In my Criminal Law class we discussed at one point the idea of "shaming penalties," where instead of directly, like, punishing the (typically low-level) offender, e.g. by imprisoning or even fining them, but rather just basically publicizes their offense. There's a sense that these punishments manage to be less cruel than, say, incarceration, while still being unpleasant enough to be a deterrent (indeed, perhaps more of one) and maybe even, if done right, having some rehabilitative effects. One line of criticism is that they're humiliating, to which the defenders rather powerfully respond, have you seen our prisons? But another line of attack is that there's something a bit disturbing about where exactly the punishment comes from in these shaming punishments. It comes from everyone in the community. In the most troubling cases, the government seems pretty explicitly to be trying to foster a mob mentality that will enlist the public to carry out the sentence, basically, by basically making the offender persona non grata in that community. And this is kind of troubling. It's almost, like, an embrace of the lynch mob by the government, or at least it can approximate that. Obviously imprisonment often leads to that same kind of informal social sanction afterward, but I kind of think that it shouldn't, or at least not insofar as those sanctions are meant as sanctions rather than as sensible precautions against a potentially dangerous or untrustworthy person. I tend to think that we should let the state punish people, and then once it's had its say, we should welcome people back into society as full citizens, though without turning a blind eye to any dangers they may represent.

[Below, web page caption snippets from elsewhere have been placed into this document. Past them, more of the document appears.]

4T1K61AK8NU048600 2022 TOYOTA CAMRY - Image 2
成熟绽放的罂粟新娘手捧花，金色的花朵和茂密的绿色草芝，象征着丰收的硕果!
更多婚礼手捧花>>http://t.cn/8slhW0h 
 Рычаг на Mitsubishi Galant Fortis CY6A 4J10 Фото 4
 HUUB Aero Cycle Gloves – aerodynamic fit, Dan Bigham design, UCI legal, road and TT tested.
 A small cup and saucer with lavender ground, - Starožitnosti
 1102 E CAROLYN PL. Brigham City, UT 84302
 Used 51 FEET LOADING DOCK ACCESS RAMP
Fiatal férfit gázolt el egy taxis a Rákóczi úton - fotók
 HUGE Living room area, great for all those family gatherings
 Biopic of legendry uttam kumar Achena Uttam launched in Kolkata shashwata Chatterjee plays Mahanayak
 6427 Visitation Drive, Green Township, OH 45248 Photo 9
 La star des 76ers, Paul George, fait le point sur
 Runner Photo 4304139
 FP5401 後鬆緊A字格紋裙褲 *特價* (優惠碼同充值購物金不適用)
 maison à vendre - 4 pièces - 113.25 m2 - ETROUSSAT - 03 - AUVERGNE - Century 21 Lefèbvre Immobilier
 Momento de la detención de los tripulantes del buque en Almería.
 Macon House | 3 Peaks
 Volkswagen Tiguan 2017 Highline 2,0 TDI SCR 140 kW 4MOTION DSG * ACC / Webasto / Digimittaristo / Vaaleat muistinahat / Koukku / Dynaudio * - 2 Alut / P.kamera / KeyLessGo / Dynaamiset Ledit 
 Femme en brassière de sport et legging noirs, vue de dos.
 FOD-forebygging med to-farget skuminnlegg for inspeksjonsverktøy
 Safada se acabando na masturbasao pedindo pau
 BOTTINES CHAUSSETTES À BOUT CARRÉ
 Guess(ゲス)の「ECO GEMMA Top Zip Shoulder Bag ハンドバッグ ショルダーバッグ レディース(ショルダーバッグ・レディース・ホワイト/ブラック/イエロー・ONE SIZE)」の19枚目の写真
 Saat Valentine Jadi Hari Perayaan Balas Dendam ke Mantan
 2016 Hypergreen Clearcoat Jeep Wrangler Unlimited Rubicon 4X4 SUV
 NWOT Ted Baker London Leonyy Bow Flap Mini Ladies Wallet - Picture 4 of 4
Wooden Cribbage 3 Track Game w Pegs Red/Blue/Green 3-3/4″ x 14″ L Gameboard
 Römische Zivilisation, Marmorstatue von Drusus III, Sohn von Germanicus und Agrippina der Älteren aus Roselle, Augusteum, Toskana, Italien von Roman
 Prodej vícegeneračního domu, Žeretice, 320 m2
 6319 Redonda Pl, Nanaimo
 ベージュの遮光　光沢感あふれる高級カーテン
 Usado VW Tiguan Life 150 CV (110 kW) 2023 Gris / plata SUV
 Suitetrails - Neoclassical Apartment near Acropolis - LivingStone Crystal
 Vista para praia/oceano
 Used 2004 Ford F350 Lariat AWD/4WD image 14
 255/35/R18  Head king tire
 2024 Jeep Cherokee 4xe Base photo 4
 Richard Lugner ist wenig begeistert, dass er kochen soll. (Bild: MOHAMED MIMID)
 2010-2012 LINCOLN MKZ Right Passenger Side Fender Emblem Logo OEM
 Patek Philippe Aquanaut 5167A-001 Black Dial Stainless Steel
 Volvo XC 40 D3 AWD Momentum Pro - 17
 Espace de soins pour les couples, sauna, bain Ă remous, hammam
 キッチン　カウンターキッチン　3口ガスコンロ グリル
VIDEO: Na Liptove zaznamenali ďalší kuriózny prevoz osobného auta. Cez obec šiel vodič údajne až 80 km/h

Which brings us back to Brady and Ray Rice. Like, it really, really shouldn't be the NFL's job to punish Ray Rice. And people who do bad things, including beat their girlfriends which is a very bad thing, shouldn't just stop being able to be part of society. The idea that sports leagues should have the policy that people who've committed crimes of a certain level should never be allowed to participate in them strikes me as a terrible one. The problem is that this all takes place in the shadow of the well-known fact that the state isn't doing it's effing job with regard to domestic violence, so basically if the NFL doesn't punish Ray Rice, no one will. And in certain ways the NFL is even in a better position to punish him than the state is, because it doesn't need to hear the victim testify, it doesn't need to get proof beyond a reasonable doubt, it can just say, hey, we saw the video, we know what we think went down, we're gonna suspend his ass. But that's a huge problem! For those of us who believe in the ideals of the criminal justice system, and of innocent until proven guilty and the like, the idea that when someone is known to have done a bad thing, this should be handled by having anyone in society who has power over them and who isn't bound by the Bill of Rights should just punish them any way they can, it's, like, it's really problematic, and it really does kind of feel like mob justice.

Now, that doesn't really point to a solution, since it's not like the general unenforcement of domestic violence laws is gonna change any time soon, and I'm not really saying that I think the NFL shouldn't be allowed to discipline its players for their off-field misdeeds. But it's wrong, I think, to reason from the fact that domestic violence is worse than cheating at football to the conclusion that the relative lengths of the Brady and Rice suspensions say something so terrible about the NFL's priorities. The NFL isn't in the business of outlawing domestic violence. It is in the business of making sure dudes don't cheat at football.* One of these things is much, much more its responsibility than the other, and that's not something wrong with the world. That's something right with the world! The NFL shouldn't just decide that, because domestic violence is so bad, it's going to assume as much responsibility for punishing and deterring it as it does for cheating at football, no more than any one of us has the right to go out and become a vigilante.

So, I'm sorry Boston, but pointing at Ray Rice doesn't give you a great argument for why Tom Brady is being treated unfairly.



*Well, arguably it is. Or at least it should be.